I am willing to pay for as long as you give me a good service that doesn't restrict how I consume my media. The current youtube ad model is worse than ever, and services like Spotify are restrictive af.
Also, if these shitheads couldn't fucking maintain a simple banner ad service without enduser browsers getting rekt what fucking guarantees me their magic blackbox is going to be any safer?
[editline]10th July 2017[/editline]
This gets me riled the fuck up to no end, they're making piracy more and more attractive each and every day. These bastards can't even make the claim that their legit content is safer than pirated ones. Great job.
[QUOTE=millan;52452685]And less utilities for anticompetitive, anticonsumerist, al antidemocratic meddling[/QUOTE]
Any platform is going to become that way when it starts becoming really popular.
The sad part is, most of this is going to go off without a hitch.
Popular browsers will have to have this DRM support baked in lest they fall behind because your average joe won't be able to watch his funny Youtube video. Your average joe also doesn't have extensions or use adblock, so the only way they'll notice a difference is if they're somehow not using the latest version of their browser once this stuff starts rolling out.
Yes, there will be a decent sized group of people (myself included) calling out all the bullshit on this, but as long as your average user isn't affected and doesn't notice it, they can just push it through while forcing us to just "deal with it."
[QUOTE=eirexe;52452050]DRM was a mistake.[/QUOTE]
DRM wasn't.
Where it's gone over the past years most definitely was.
[QUOTE=Sir Whoopsalot;52453348]DRM wasn't.
Where it's gone over the past years most definitely was.[/QUOTE]
Like it wasn't inevitable it would go down that route from the very beginning.
[QUOTE=Sir Whoopsalot;52453348]DRM wasn't.
Where it's gone over the past years most definitely was.[/QUOTE]
DRM is flawed by its very nature. It's impossible to prevent access to pirates without the occasional hiccup that affects a legitimate user. And if a legitimate user cannot access their content because of your antipiracy measures then they are getting punished for buying your content. And if you are punishing legitimate users then your approach is flawed at best because it's doing the opposite of what it's supposed to.
[QUOTE=Sir Whoopsalot;52453348]DRM wasn't.
Where it's gone over the past years most definitely was.[/QUOTE]
Drm is stupid and pointless, no one should control my access to my content for arbitrary reasons.
Not to mention that the way that some DRM hooked themselves into your OS, it helped some people who make Malware get better at placing it into your computer.
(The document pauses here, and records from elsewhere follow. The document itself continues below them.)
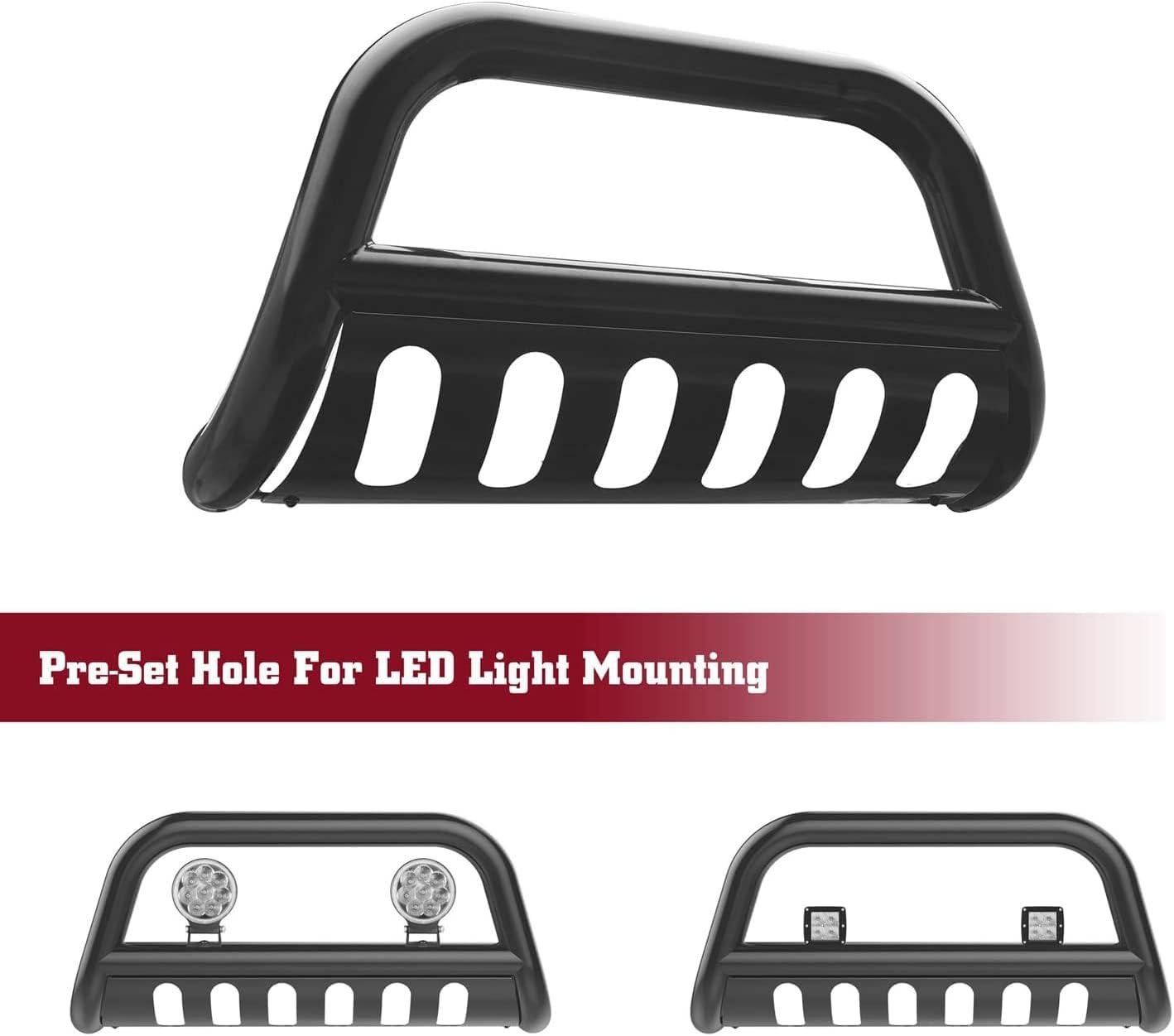 imageTAC Bull Bar Compatible with 20212022 Ford Bronco Sport Pickup Truck 3 Black Front Bumper Grille Guard Brush Guard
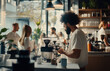 © Valeriia - a barista grinding fresh coffee beans in a bustling cafe, surrounded by customers enjoying their drinks. concept of craftsmanship, hospitality, and cafe culture.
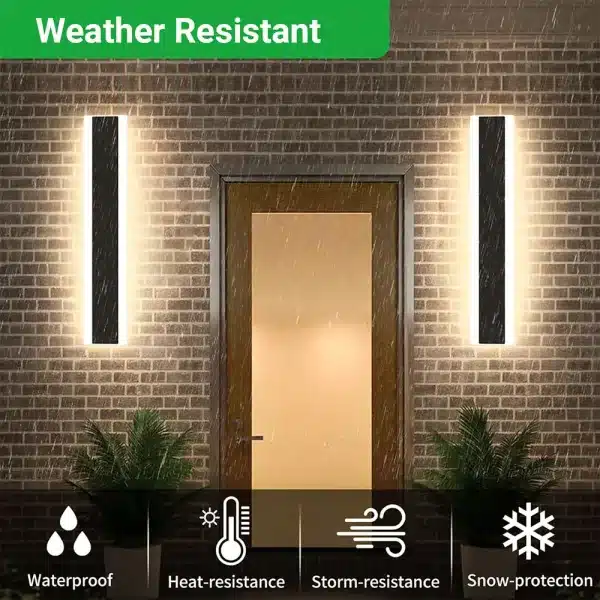 12W outdoor acrylic black wall light IP65 rated weather resistant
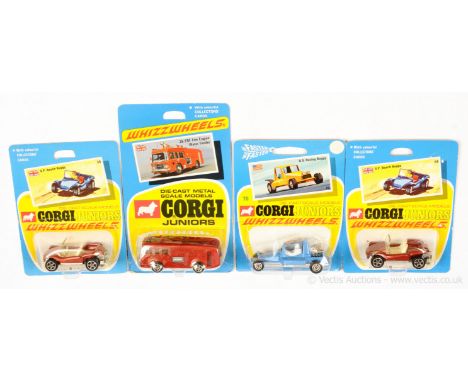 Corgi Juniors group to include 26 ERF Fire Engine - red, silver base, yellow plastic ladder; 58 GP Beach Buggy - metallic bro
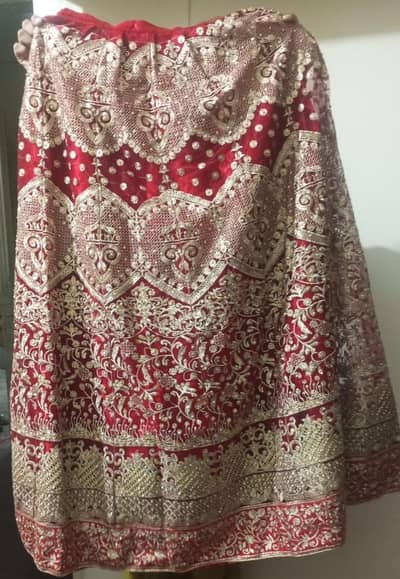 Red Bridal Lehenga Complete Set with Matching Shoes & Jewelry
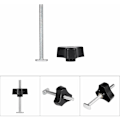Pikkukuva 3 / 5: 8 mm:n Metalliset Nopeavaikutteiset Kiinnitysklemmit T-Uraan T-Raiteille DIY Puutyöstötyökalu (Vain T-Ruuvi ja Muovinen Nuppi)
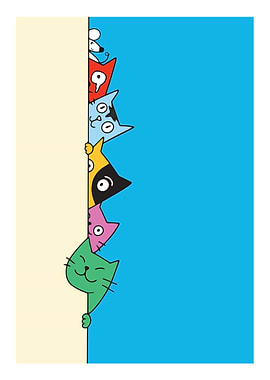 Cute doodle cats hide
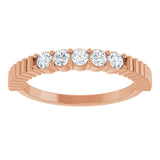 14K Gold Round Lab-Grown Diamond Five-Stone Anniversary Band - 1/6-1/2 CTW - Rose Gold - view 3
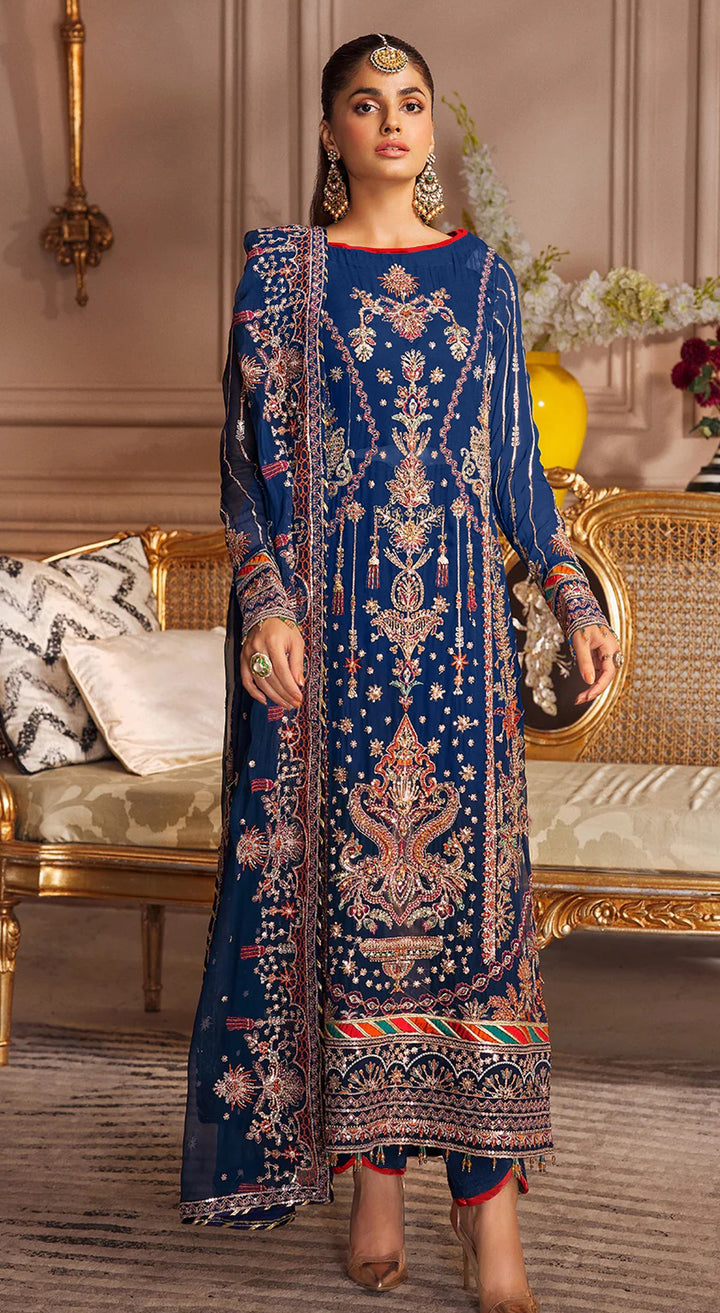 Embroidered Faux-Georgette Salwar Kameez | Full-Sleeve Round-Neck Design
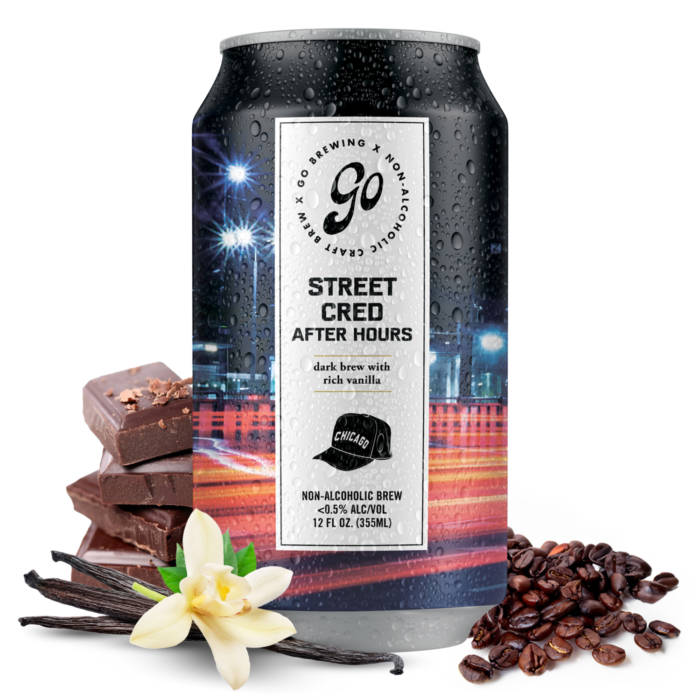 Go Brewing's Street Cred After Hours non-alcoholic beer can with notes of vanilla, coffee, and chocolate, featuring ingredients and sleek urban-inspired design.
[QUOTE=Alice3173;52453391]DRM is flawed by its very nature. It's impossible to prevent access to pirates without the occasional hiccup that affects a legitimate user. And if a legitimate user cannot access their content because of your antipiracy measures then they are getting punished for buying your content. And if you are punishing legitimate users then your approach is flawed at best because it's doing the opposite of what it's supposed to.[/QUOTE]
I don't have a problem with a store mildly inconveniencing me by putting expensive items in anti-theft packaging or behind locked glass. Rarely, it's an annoyance when I can't find an employee to help me, but I understand their motivation for having that level of security. By your logic that's 'flawed by its very nature' because it's 'punishing legitimate users', yet it's common practice and people accept it.
In any other context, rational people can accept a mild inconvenience or small possibility of having an issue for the sake of the business, provided the entire experience isn't excessively frustrating. It's an unrealistic standard to hold that a company can never, ever take any measures to secure their product if it has the slightest impact on legitimate users.
Bad DRM like Starforce is inexcusable, but if DRM is unobtrusive and only rarely affects legitimate users then it seems extremely unreasonable to say that a customer's 0.01% chance of having an issue outweighs the company's right to control their product.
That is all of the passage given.